§ Supplied information
====

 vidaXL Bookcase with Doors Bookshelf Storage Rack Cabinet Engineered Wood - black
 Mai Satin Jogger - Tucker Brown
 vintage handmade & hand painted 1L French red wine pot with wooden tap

====

§ What you are asked to do
The listing above is to be written out again word for word.

§ Response to this exercise
 vidaXL Bookcase with Doors Bookshelf Storage Rack Cabinet Engineered Wood - black
 Mai Satin Jogger - Tucker Brown
 vintage handmade & hand painted 1L French red wine pot with wooden tap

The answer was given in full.